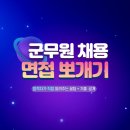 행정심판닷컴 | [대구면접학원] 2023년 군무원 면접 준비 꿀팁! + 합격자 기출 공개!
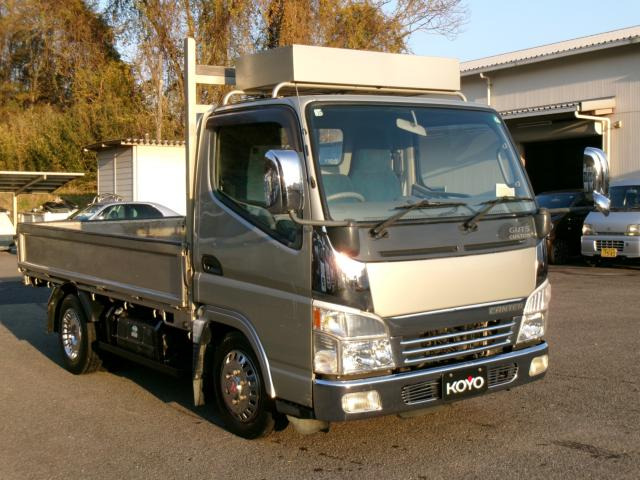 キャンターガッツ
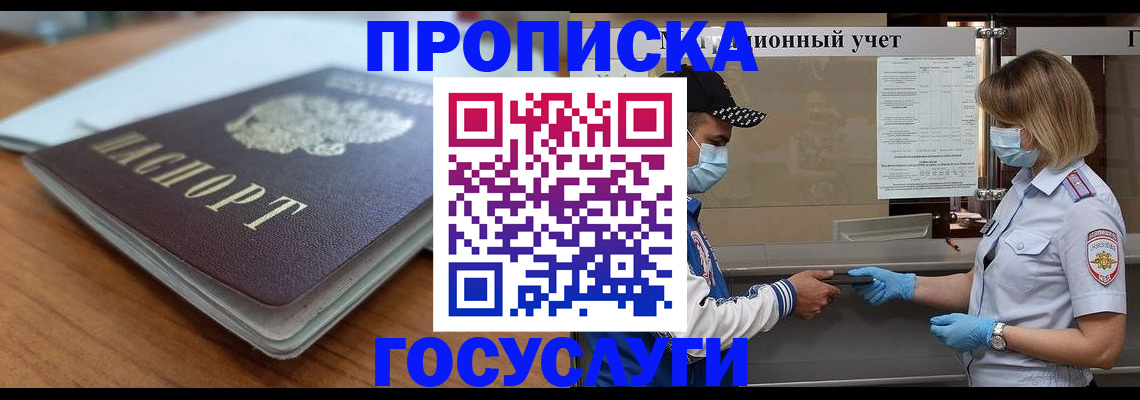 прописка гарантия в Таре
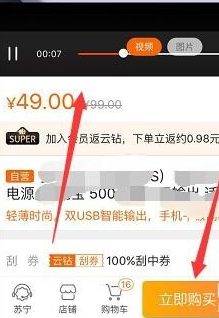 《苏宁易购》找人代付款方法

────────────────

**GOAL OF THE EXERCISE:** Leaving every picture out, output the data exactly as it stands.

**YOUR RESPONSE:**
 행정심판닷컴 | [대구면접학원] 2023년 군무원 면접 준비 꿀팁! + 합격자 기출 공개!
 キャンターガッツ
 прописка гарантия в Таре
 《苏宁易购》找人代付款方法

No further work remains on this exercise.